Custom Pandoc Filters in Haskell

Posted on December 13, 2019

The Expressiveness/Verbosity Tradeoff

HTML is a programming language used to display nearly everything you view on the internet. At the highest layer, everything ends up being wrapped in HTML. There are other types of media online, using different encodings, though most of these are not intended to be human-readable. People sometimes manipulate SVG manually, and I’m sure there are other exceptions, but HTML is the primary language your browser interprets when deciding what to show on screen. Your browser knows how to read it and convert it to geometry for you to look at. It is very expressive―people have figured out how to display nearly anything with it―but it can be very verbose. This is a common tradeoff when choosing digital tools: do you need a very general tool that has not been optimized for your specific use case, or can you choose something a little more tailored to what you’re doing?

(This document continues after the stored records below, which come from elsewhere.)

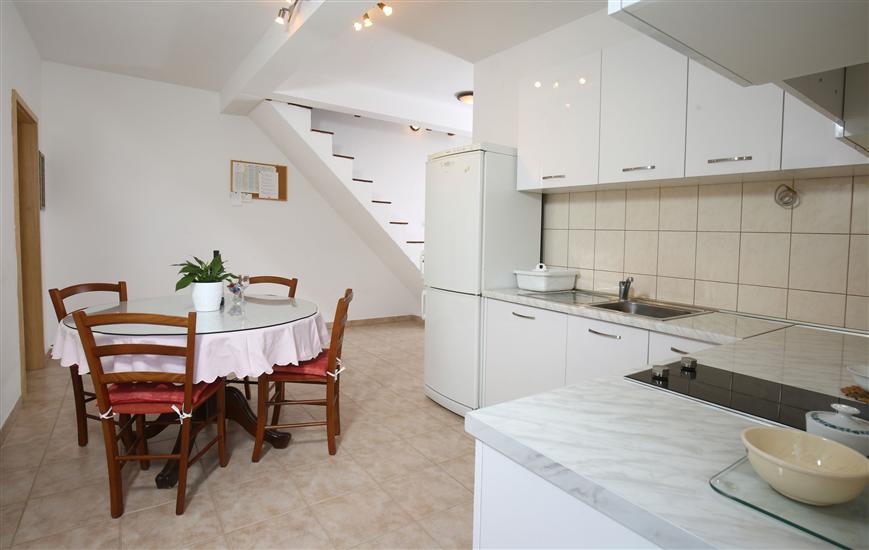 Apartment A2, for 5 persons
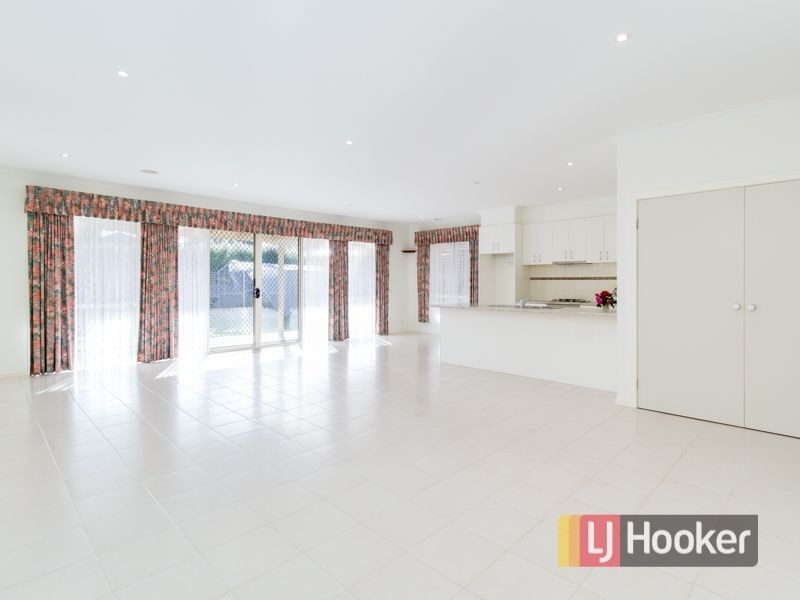 19 Baynton Crescent, Lynbrook VIC 3975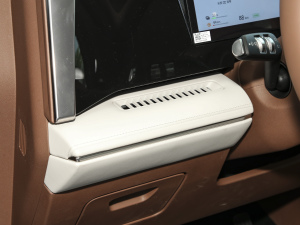 2025DM-i 1.5T 180km ׿Խ п؅^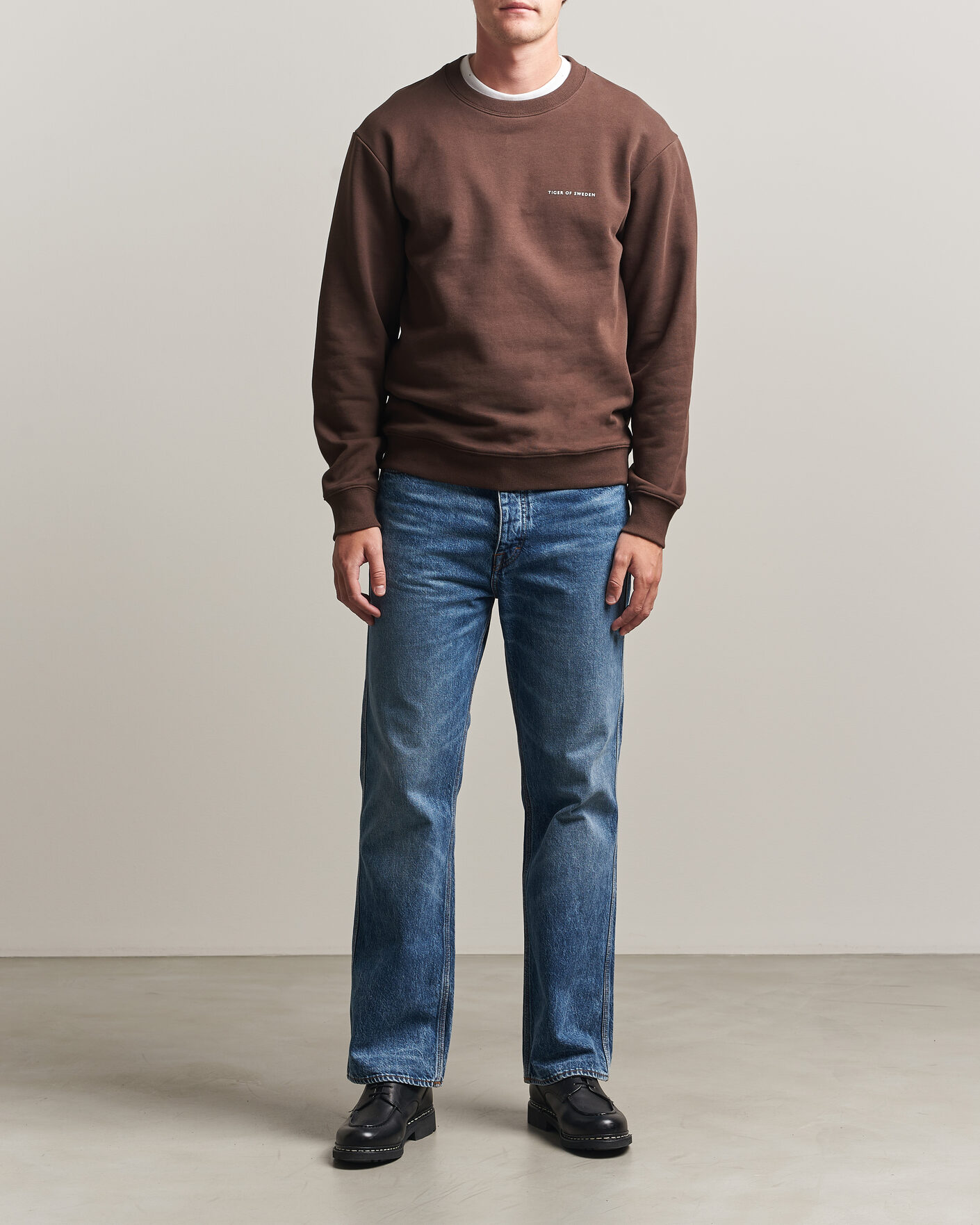 Mies | Puserot | Tiger of Sweden | Emerson Crew Neck Sweatshirt Dark Mahogany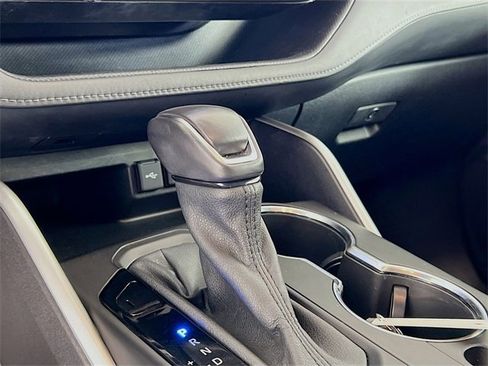 Used 2021 Toyota Highlander XLE image 17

For this blog, I decided HTML is too verbose and unspecialized for my needs. Instead, it is currently written in Markdown, a language designed for this sort of composition. It’s very convenient that someone else has already defined a standard for documents in general, and using a standard means things will be well supported in the future. But using too many things too thoroughly defined by other people really defeats the purpose of building one’s own website: I am interested in developing tools to produce things digitally with more freedom than I have with plaintext, or even with Markdown. How can I get all the expressiveness of HTML without all of its verbosity?

A Tool for Tool-making

Creating arbitrary rules for translating text into other formats will allow for the creation of interesting shorthand or visually rich text treatments: when authoring, I am interested in using expressive idioms of communication, and not repeating myself, and these tools should allow for automation of repetitive writing tasks.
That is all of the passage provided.